Figure 12: Effect of compression ratio on UHC concentration for different EER at 1200 rpm and load 14 Nm.

The variation of NOx concentration is shown in Figure 13. The figure shows that NOx concentration decreases slightly at low compression ratios (7 and 8) for all values of EER while the decrease is more noticeable at higher compression ratios as shown in Figure 13. This may be due to longer expansion stroke which gives lower temperature at later stages of expansion stroke.

Figure 13: Effect of compression ratio on NOx concentration for different EER at 1200 rpm and load 14 Nm.

Figures 14 and 15 show a comparison of results of present work with results of [15] for CO2 and CO emissions. Comparison shows acceptable agreement in trends.

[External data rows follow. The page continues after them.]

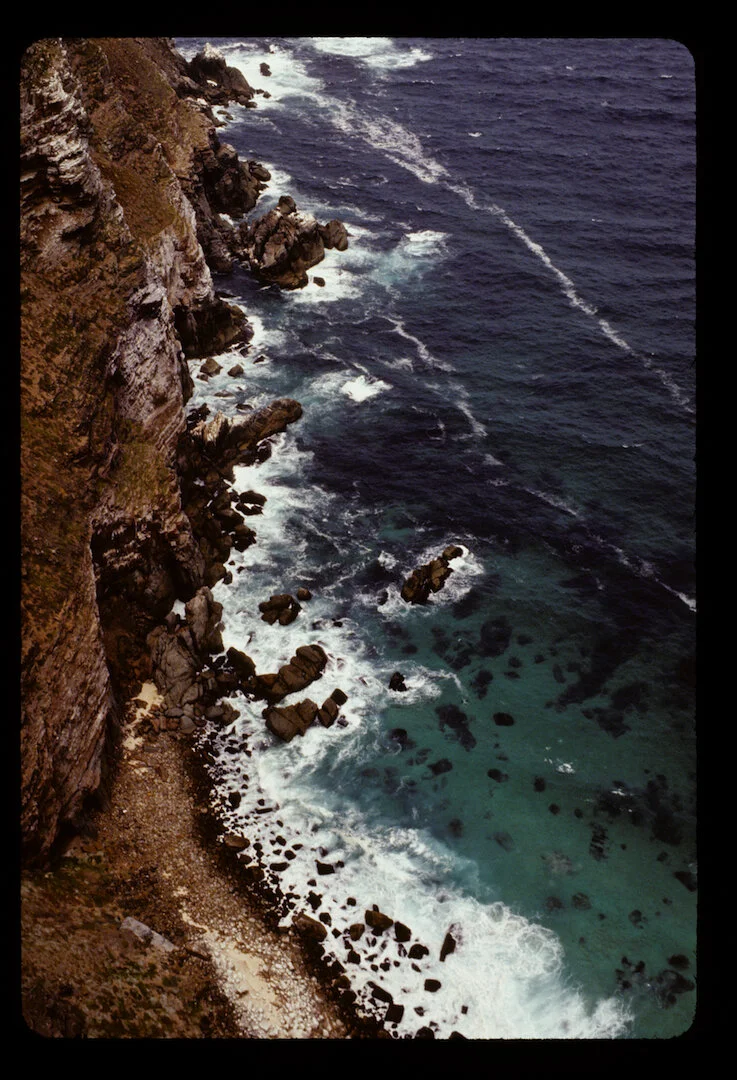 Cape of Good Hope, South Africa 2008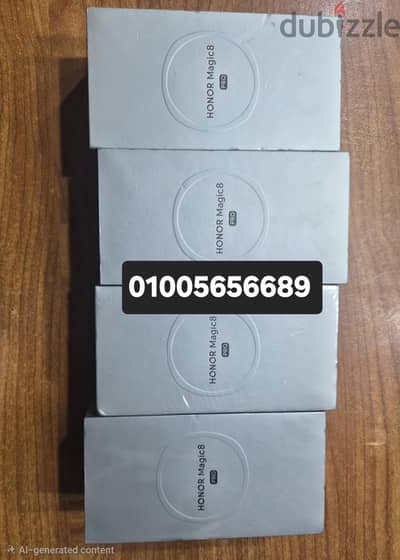Honor Magic 8 Pro 512gb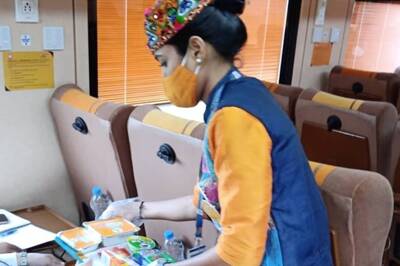 Flameless Rasoi Vehicle: Check Out Features of Indian Railways’ All-New Kitchen Coach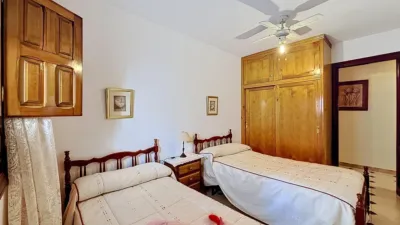 Apartment in Pizarra photo 16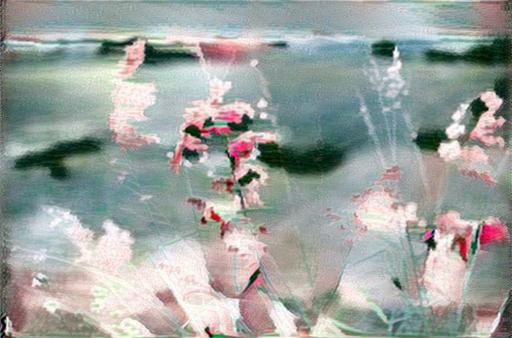 from CC0 photo AI art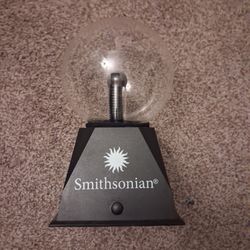 plasma ball
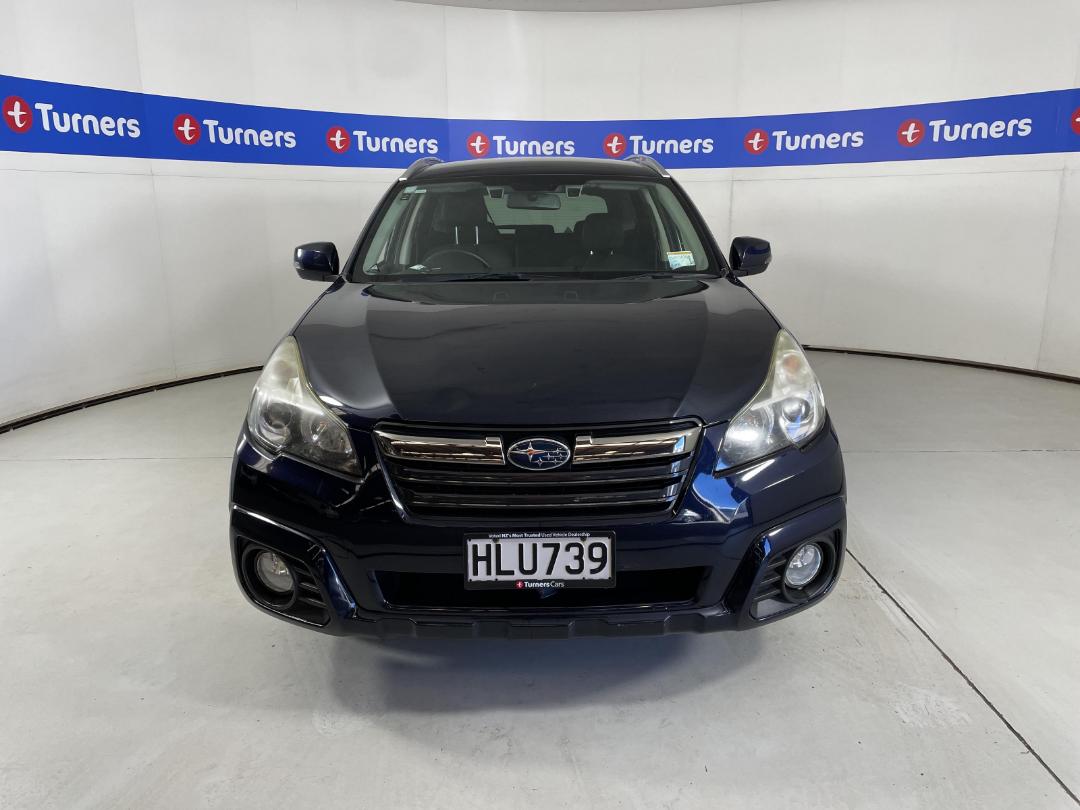 Photo '2' of Subaru Outback Photo '2' of Subaru Outback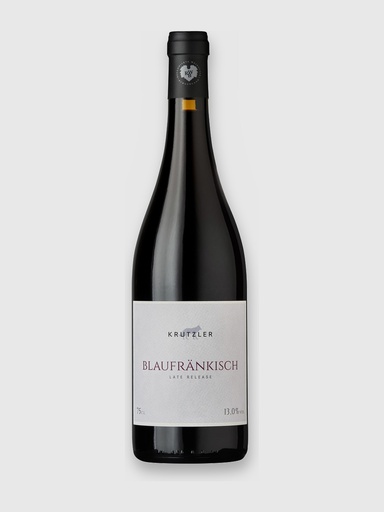 Blaufränkisch Late Release 2021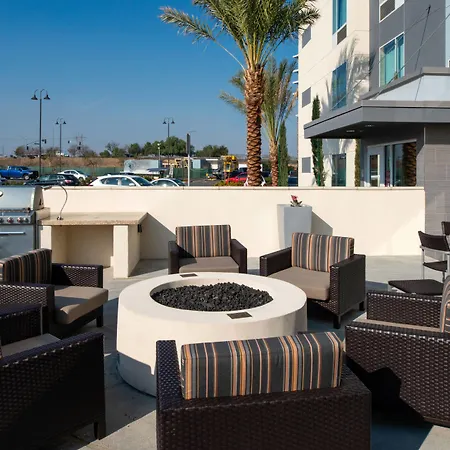 Towneplace Suites By Marriott Ontario Chino Hills-3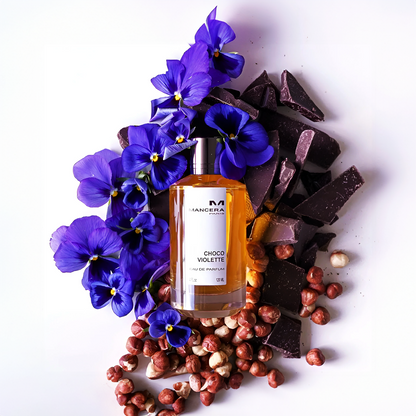 Choco Violet By Mancera EDP Perfume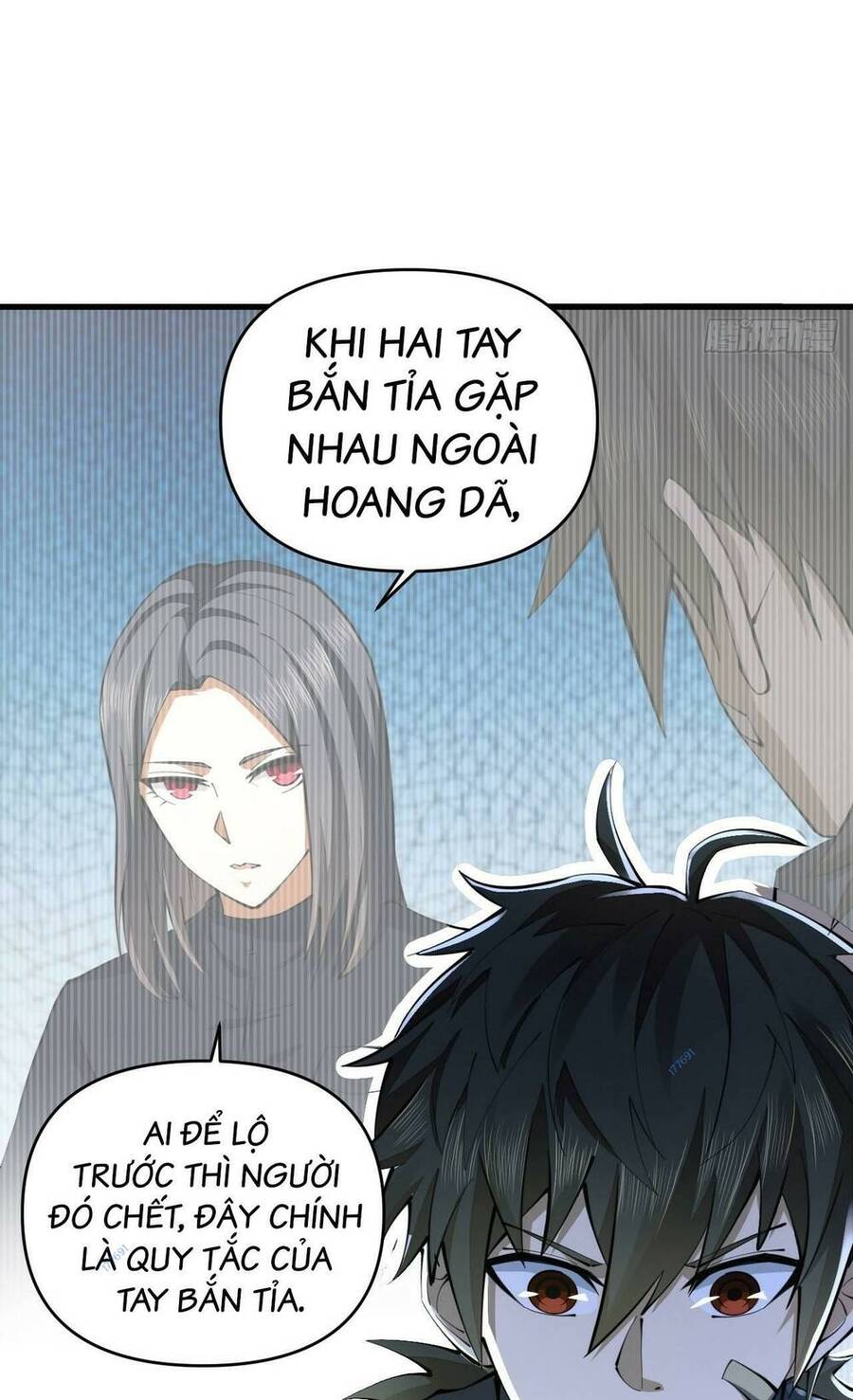 Đệ Nhất Danh Sách Chap 211 - Next Chap 212
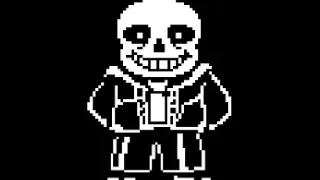 Song That Might Play When You Fight Sans - Undertale Remix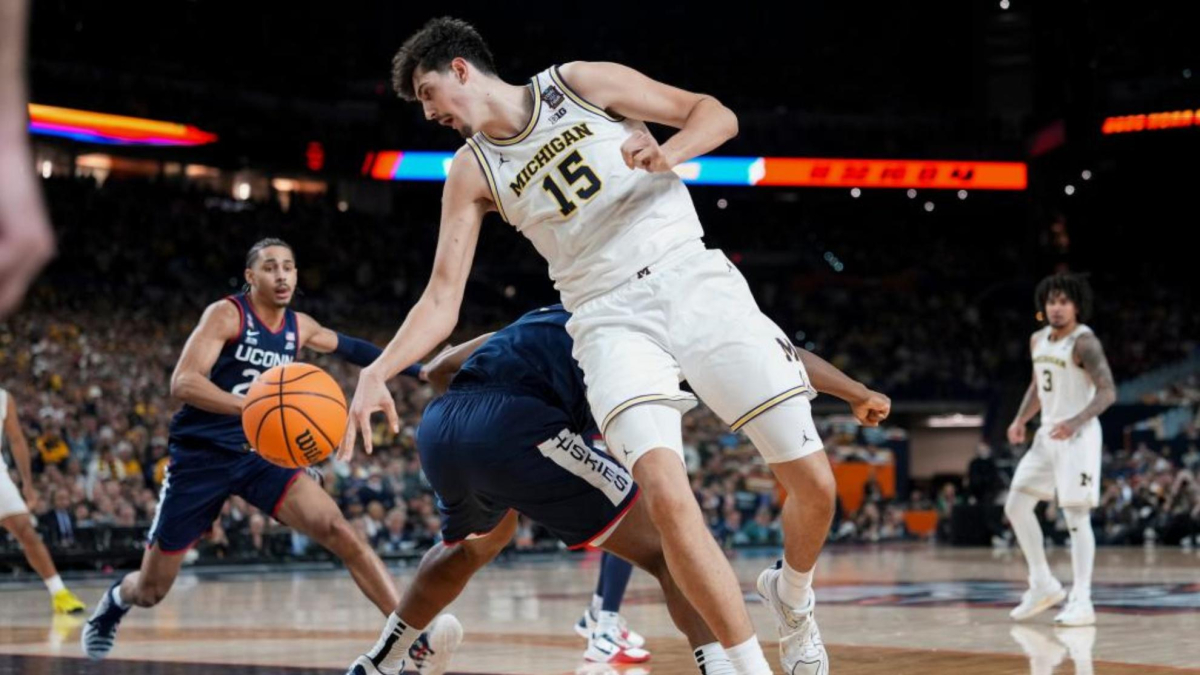 La millonaria 'green room' que puede cambiar la vida de Aday Mara<br>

Figure 14: Comparison of present results with results of [15].
Figure 15: Comparison of present results with results of [15].

4. Conclusions

The main conclusions that can be drawn from the results and discussions in the previous section are as follows.(1)The concentrations of CO2 and NOx increase while the concentrations of CO and UHC decrease as EER increases.(2)Increasing engine load causes an increase in the CO2 and NOx emissions and a decrease in CO and UHC emissions.(3)It was observed that the emission values of CO2 and NOx increase while those of CO and UHC decrease with increased speed of engine.(4)With increasing the compression ratio the concentration values of the CO2 and NOx decrease while the concentration values of the CO and UHC increase.

Conflict of Interests

The authors declare that there is no conflict of interests regarding the publication of this paper.